For relevant companies in the automotive industry, it is recommended to take the following actions as soon as possible:

• Conduct a systematically inventory of automotive data within the company’s system, identify important data based on the business scenarios and data items specified in the Guidelines, combined with the important data identification criteria. Automotive data processors (such as automobile manufacturers, component and software suppliers, telecommunications operators, autonomous driving service providers, platform operators, dealers, maintenance institutions, and mobility service enterprises, etc.) should conduct a comprehensive review of their respective business scenarios to determine whether they trigger or involve important data.
• In cases where important data is identified, prepare for the filing of the important data catalog. As an overall preliminary procedure in the automotive data cross-border transfer process, companies should allocate time to carry out the important data catalog filing work in a timely manner.
• Analyze the necessity of cross-border transfer of important data and, considering the overall business situation, delineate the scope of important data that must be transferred abroad.
• Based on the identification results of important data and the necessity of cross-border transfer, apply for a cross-border security assessment or assess whether the scope of data already applied for security assessment can cover the relevant important data or if further application is required.
• If an automotive data processor is involved in security vulnerability patching, security incident handling, or eliminating automobile product defects and implementing OTA upgrades for recalls that are exempt from cross-border application, it must first report or file with departments such as MIIT and the State Administration for Market Regulation.
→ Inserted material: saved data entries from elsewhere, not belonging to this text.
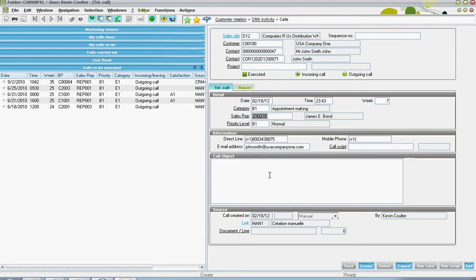The sales rep or the company representative responsible for conducting the call can be logged, as well as the call's priority level.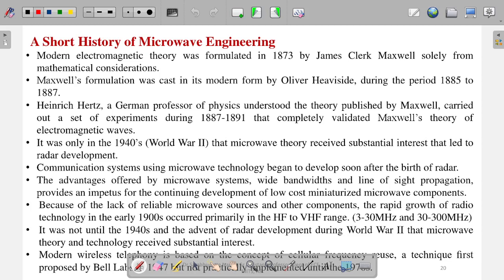Modern electromagnetic theory was formulated in 1873 — almost 200 years ago — by James Clerk Maxwell, solely from mathematical considerations. Previously, there were Gauss's law, Coulomb's law, and Ampere's law, but they were all separate. What Maxwell did was combine these equations, and he is famous for Maxwell's equations.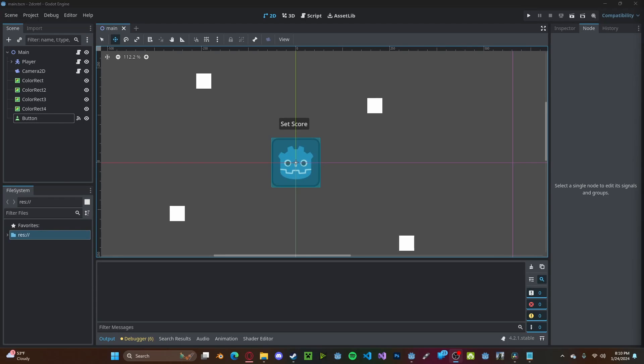As always, I will be leaving a link to the Godot Steam documentation in the description down below for you to learn more about leaderboards. I hope you found this tutorial helpful. If you have any questions or comments, please leave them in the comments below and don't forget to like and subscribe. Thank you!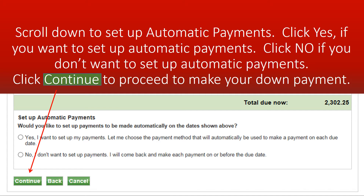Scroll down to set up an automatic payment. Click Yes if you want to set up an automatic payment, or click No if you don't want to set up an automatic payment. Click Continue to proceed to make your down payment.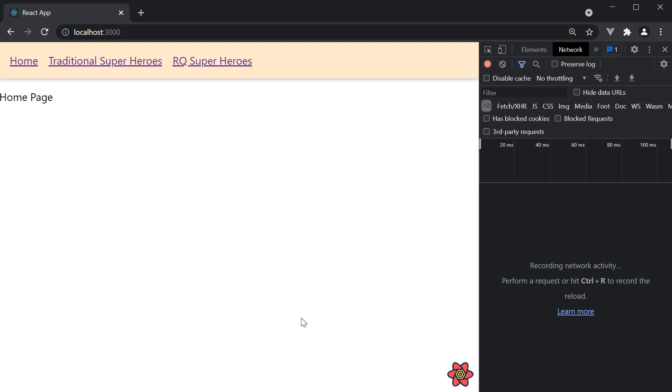In this video, we're going to learn about a really important feature of React Query, which is the Query Cache. This is a feature the library provides out of the box and is important to understanding why useQuery works the way it does.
While identifying important data, companies should also pay attention to the general security protection requirements for automotive data cross-border transfer explicitly stipulated in the Guidelines, improving corporate systems and technical security requirements from management and technical protection aspects to mitigate risks related to data cross-border transfer.

Footnote：

[1] Near Field Communication (NFC) refers to the communication mode of the Near Field Communication Interface and Protocol 1 (NFCIP-1) that connects computer peripherals using inductively coupled devices at a center frequency of 13.56 MHz (ISO/IEC 18092:2023).